Слухи о займе потекли ещё в марте, и министр финансов Терещенко заявил прессе: уже «поступают заявления о многомиллионном покрытии» ещё только предстоящего Займа Свободы – от банкиров, «преимущественно от еврейских банкиров, чего нельзя не поставить в связь с отменой вероисповедных и национальных ограничений»[129]. И действительно, объявлен Заём – и запестрели газетные сообщения о крупной подписке на него именно евреев. И с призывами-шапками на первой странице, вроде: «Евреи-граждане! подписывайтесь на Заём Свободы», «Каждый еврей должен иметь облигации Займа Свободы»[130]. В московской синагоге за один раз собрали подписку на 22 миллиона рублей. Еврейское население Тифлиса в первые же два дня подписалось на полтора миллиона, минские евреи за неделю – на полмиллиона, община Саратова – на 800 тысяч. В Киеве наследники Бродского подписались на миллион, Клара Гинсбург – на миллион. Откликнулись и западные евреи: Яков Шифф подписался на миллион; лондонский Ротшильд – тоже на миллион; а в Париже, «по предложению барона Гинзбурга… русские евреи решили принять активное участие… Подписка дала уже несколько миллионов»[131]. Создался и «Еврейский Комитет содействия успеху „Займа Свободы“ с крупным воззванием[132].

После месяца, однако, подписка сильно не оправдала надежд Временного правительства. И в начале мая, затем ещё раз в начале июня, ещё и в конце июля, были опубликованы в газетах, для поощрения, списки лиц, подписавшихся на заём больше чем на 25 тысяч (заодно и с тем, что: «стыдно!» тем богачам, кто не подписался)[133]. И эти списки поражают не столько изобилием еврейских фамилий (а на втором месте, пожалуй, обрусевшие немцы, с их непростым положением во время Германской войны) – сколько отсутствием крупной русской буржуазии, кроме нескольких виднейших имён московского купечества.

На сцене же политической «начался бурный рост левых и центристских партий, многие евреи включились в политическую жизнь страны»[134]. От первых же послефевральских дней в столичных газетах обильно замелькали объявления о частных митингах, собраниях, заседаниях еврейских партий: больше всего – Бунда, затем Поалей-Цион, сионистов просто, сионистов-социалистов, сионистов-территориалистов, затем и СЕРПа (Социалистическая Еврейская Рабочая партия). – Уже с 7 марта читаем в газетах об ожидаемом близком созыве Всероссийского Еврейского съезда.
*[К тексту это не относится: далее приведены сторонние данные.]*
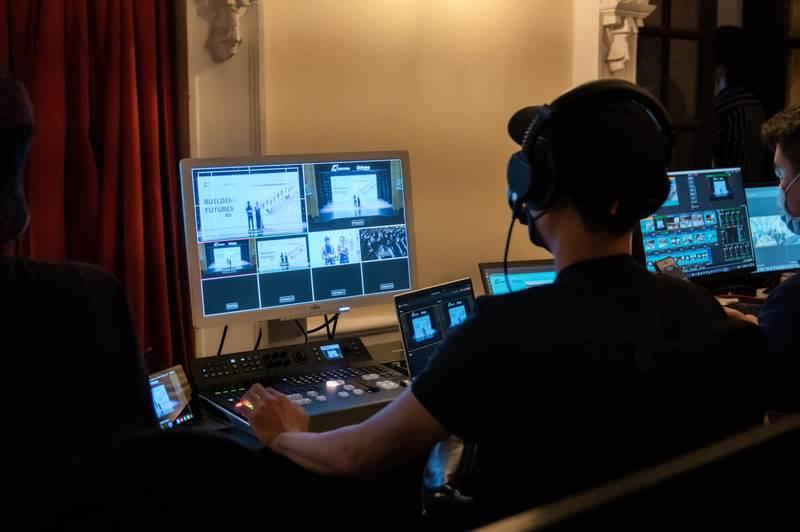 Ekip chuyên nghiệp sử dụng dịch vụ quay phim chụp ảnh sự kiện trọn gói tại phòng điều khiển sự kiện.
Эта идея, высказанная Дубновым ещё «задолго до революции», теперь получила «широкое признание». Но из-за «острых разногласий между сионистами и бундовцами» – съезд в 1917 не состоялся (не состоялся и в 1918 – «из-за начавшейся гражданской войны и противодействия большевистских властей»)[135]. – «В Петрограде была восстановлена Еврейская народная группа во главе с М. Винавером»[136] – не социалисты, а либералы. Они сперва надеялись быть в союзе с еврейскими социалистами, Винавер заявил: «Бунд шёл в авангарде революционного движения, и мы приветствуем эту партию»[137]. Но социалисты упрямо отказались.
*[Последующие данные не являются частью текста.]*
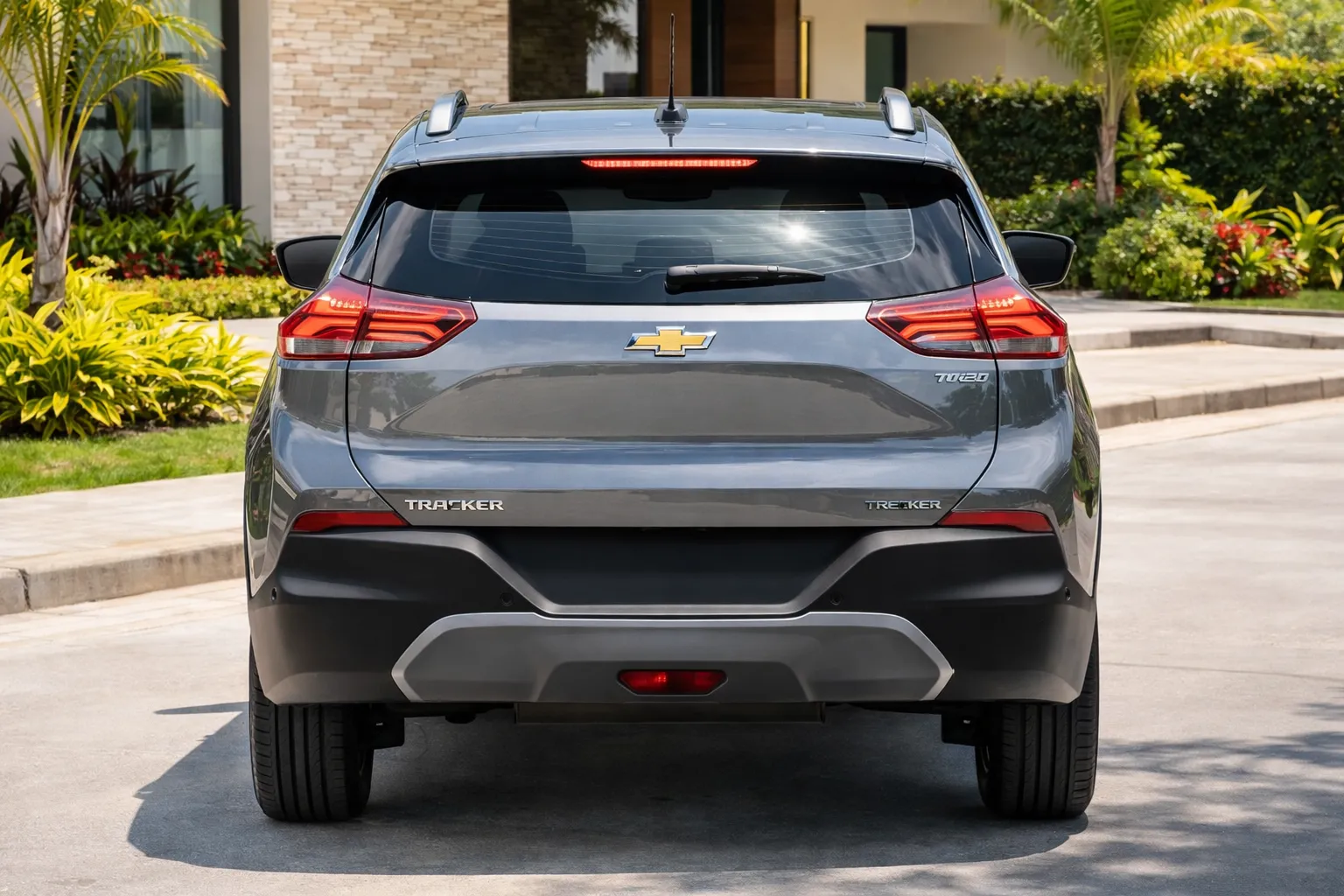 Chevrolet Tracker estacionada sob sol radiante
Бурное оживление еврейских партий в Петрограде косвенно указывает, что революция застала в столице уже весьма немалое по численности и энергии еврейское население. Но кого в Петрограде почти не было – это «еврейского пролетариата», и поэтому особенно удивляет успех Бунда. Бунд шагал тут энергичнее всех: собирал – то петроградскую свою организацию в адвокатском клубе (а московскую – даже в Большом театре), то, 1 апреля, в Тенишевском училище, ещё и концерт-митинг в Михайловском театре, «14-19 апреля в Петрограде прошла всероссийская конференция Бунда, которая вновь сформулировала требование национально-культурной автономии для еврейства в России»[138]. (А «по окончании речей всеми участниками конференции были спеты бундовский гимн „Ди Швуе“ [Клятва], Интернационал и марсельеза»[139].) Впрочем, как и раньше, Бунду приходилось уравновешивать национальную позицию с революционной. Если в 1903 он отстаивал (особенно против Ленина) свою национальную самостоятельность от РСДРП, и тем не менее в 1905 ринулся буровить единую всероссийскую революцию, то также и теперь в 1917: бундовцы заняли видные места в Исполнительном Комитете СРСД, затем и в киевских социал-демократах. «К концу 1917 в стране действовали почти 400 секций Бунда, объединявших около 40 тысяч человек»[140].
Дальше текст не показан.